By Hollie McKay, ,
Published April 11, 2016
When then-unknown beauty queen Carrie Prejean spoke out against same sex marriage at last year’s Miss USA pageant, she was blasted by Hollywood and the liberal media. When Kanye West stole the microphone from Taylor Swift at the VMAs, he was booed out of the entertainment industry for months. When Tiger Woods and Jesse James’ secret string of affairs were suddenly thrust into the spotlight, everyone from George Clooney to Jim Carrey was quick to give their two cents worth.
Yet, when it comes to Mel Gibson, who seems to have offended everyone possible with his racist, sexist, anti-Semitic, and outright terrorist rants in the tapes that have been “leaked” to the world over the past week, Hollywood seems to be keeping its usually highly-opinionated mouth closed.
Aside from sports star Andy Roddick, who Tweeted a basic “whoops – Mel Gibson,” few other high profile people have taken to their Twitter accounts, or been daring enough to issue a statement expressing their thoughts on the issue. And according to their reps, Jodie Foster (who is directing and starring in Gibson’s current film “The Beaver,”) is too busy with post-production to comment, and his co-star in the iconic “Lethal Weapon” series, Danny Glover, also declined to comment.
MEL GIBSON'S ALLEGED RANTS
So, why the silence? Where’s the outrage?
“Hollywood is a clannish place and some celebrities no doubt feel they don't want to rush to judgment. Some people may feel that Gibson appears to need help and outrage would be inappropriate, and some people may be motivated by fear that Gibson could potentially turn it all around and they might want to do business with him,” explained Hollywood Reporter’s Editor-At-Large, Kim Masters. “Some may also feel repugnance because private conversations are being exploited in this matter--especially since most people have said things in private that they wouldn't want to be broadcast for the world to hear. And some may be reticent because Gibson's agent of 32 years (Ed Limato) has just died, and has yet to be buried.”
Or perhaps it’s a case that he has crossed the line so prominently that the power players in showbiz simply want to distance themselves as much as possible.
“There are many people who have associated with Mel Gibson over the years and if this is how he really feels about people who are Jewish, people who are black, people who are gay, then why would they want to participate in a story about him? What good is any continual association with him going to do for them? There's no upside for them speaking out,” said crisis management public relations specialist Glenn Selig, founder of The Publicity Agency.
According to another Hollywood image expert, it isn’t that the Tinseltown folk aren’t incensed by the 54-year-old actor’s profanity-laced tirades, but rather that he no longer warrants any attention.
“Mel Gibson is yesterday’s news, I doubt too many people are really surprised by these outbursts given his history. And he is not relevant to young viewers,” Gen Grabowski of Levick Strategic Communications said. “His agency could afford to dump him because he no longer matters – Mel’s situation is far worse than being considered evil, it is that nobody really cares for him anymore.”

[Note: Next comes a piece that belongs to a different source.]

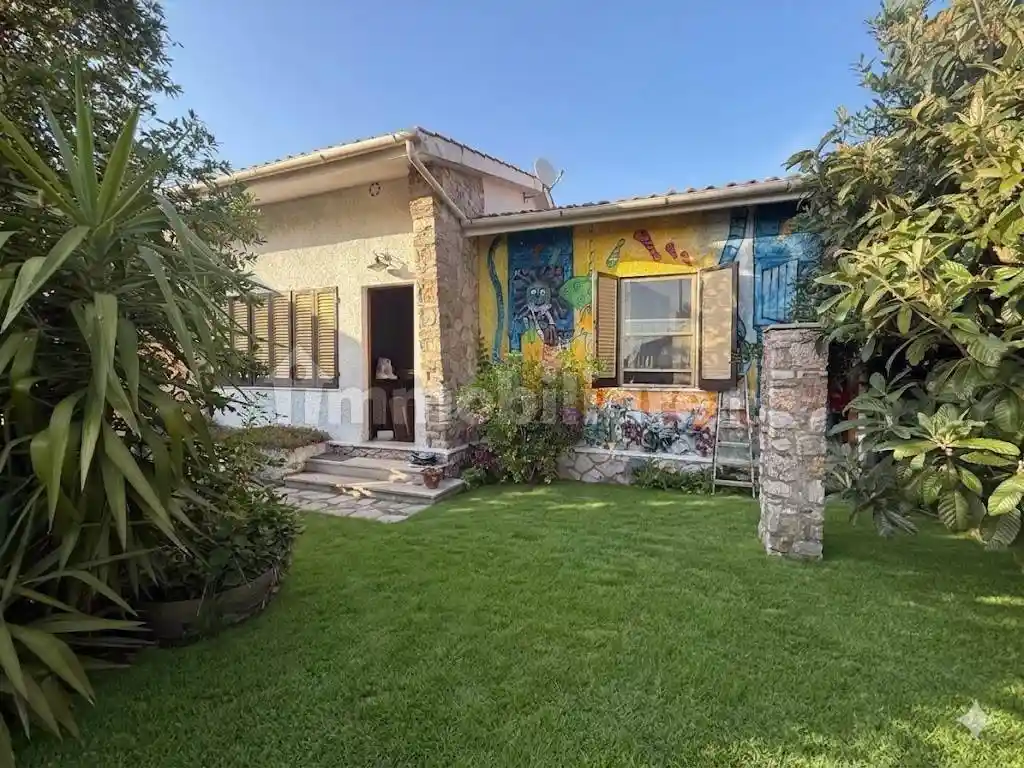 Villa in vendita a Rosignano Marittimo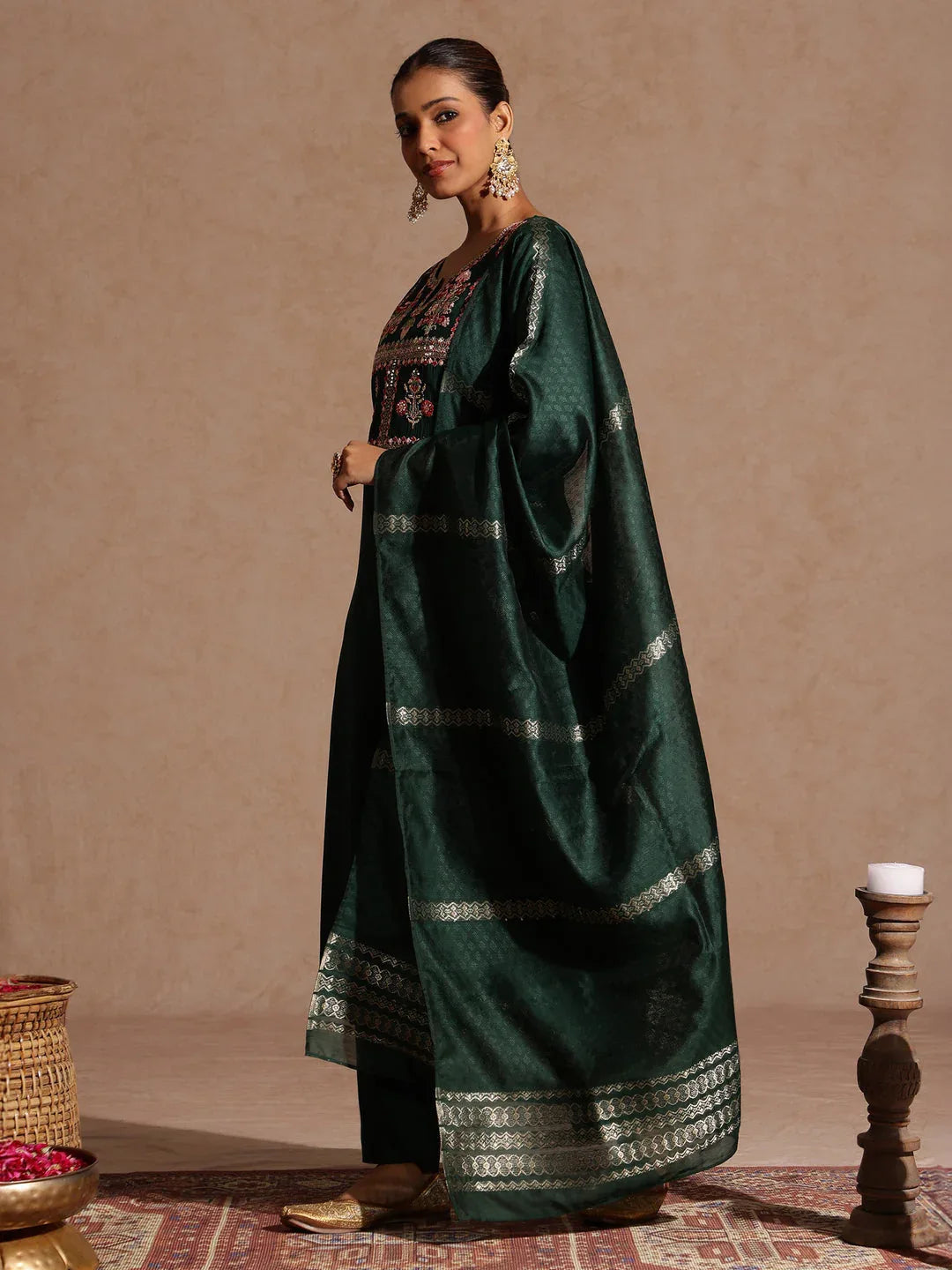 Janasya Women's Bottle Green Chanderi Silk Zari Yoke Embroidered Straight Kurta Set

And while many are speculating that Gibson’s Hollywood career is dead, some industry professionals believe that he’ll probably still get another chance.
“His career as a filmmaker is probably not over because he has very deep pockets and talent. So he can decide to make a film and doesn't need to ask anyone for permission,” Master said. “At this point, I'm not sure he really wants to be an actor in studio films but if he does--who knows? If he stays out of sight for a long time, does rehab, apologizes . . . I suppose anything is possible, eventually. For now, he needs to issue a statement and then vanish for a while.”

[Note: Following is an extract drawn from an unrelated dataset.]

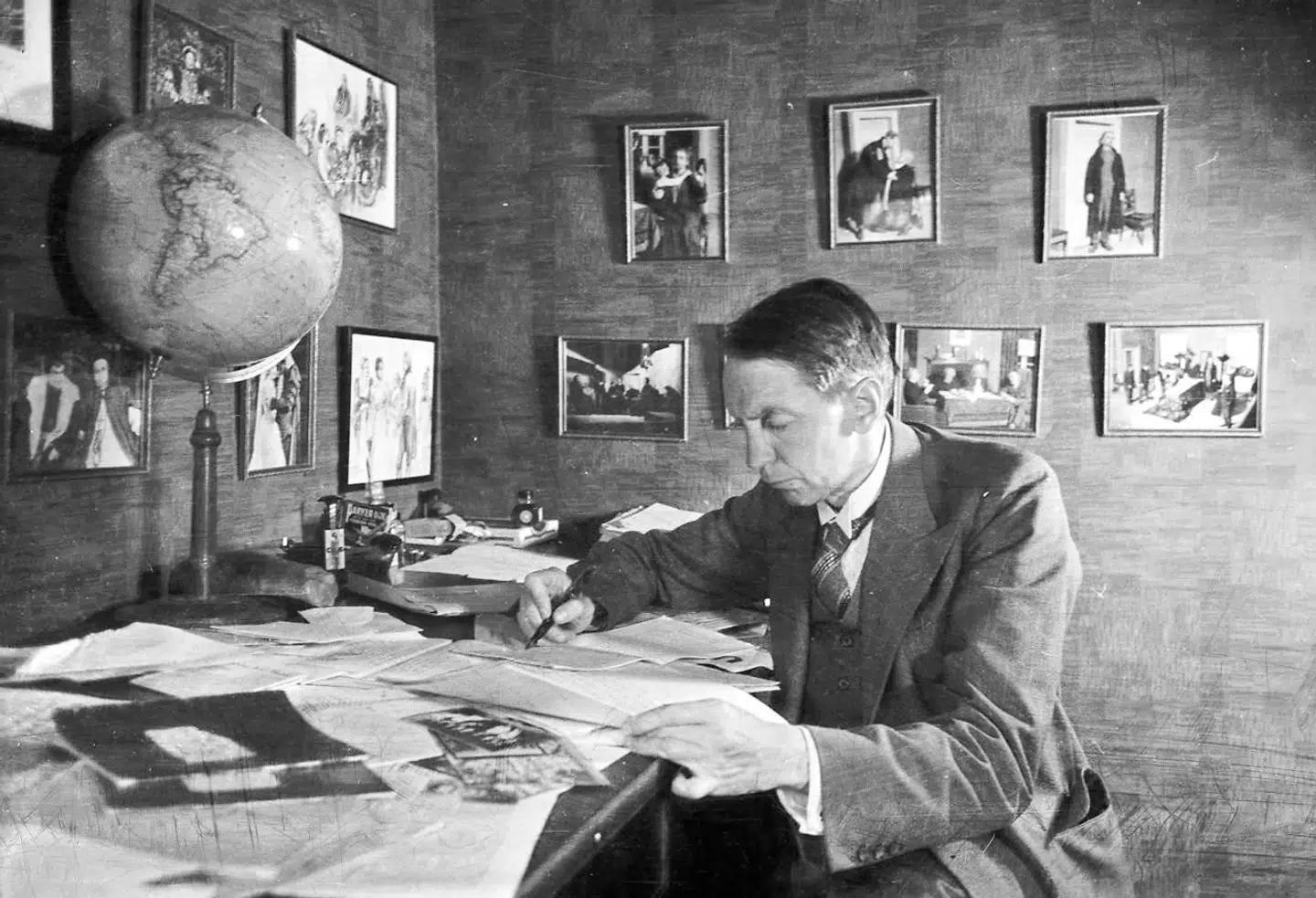 »På en underlig måde blev Kaj Munk den person, der åbnede en portal ind til en parallel-verden, som jeg simpelthen ikke anede eksisterede,« fortæller Hassan Preisler.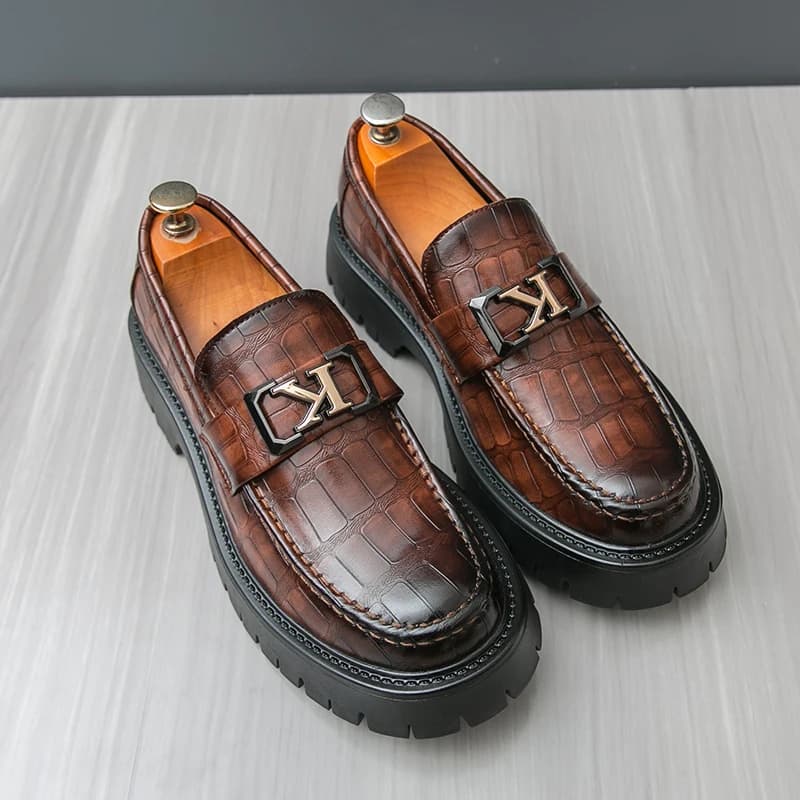 Nuove scarpe da uomo con plateau Scarpe eleganti slip on Mocassini con fondo spesso Scarpe basse traspiranti per tutte le partite Scarpe da guida casual in pelle da uomo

However, Selig believes Gibson’s fate in the entertainment arena isn’t in the hands of studio executives or fellow A-list actors – it is up to us.
“For something this bad, he's going to need some deep soul searching and heavy duty counseling or at least give the impression that that is what is happening,” Selig added. “Ultimately, it will be up to the public that made him a star to decide whether he truly is a changed man and whether they want to accept him and welcome him back into their lives.”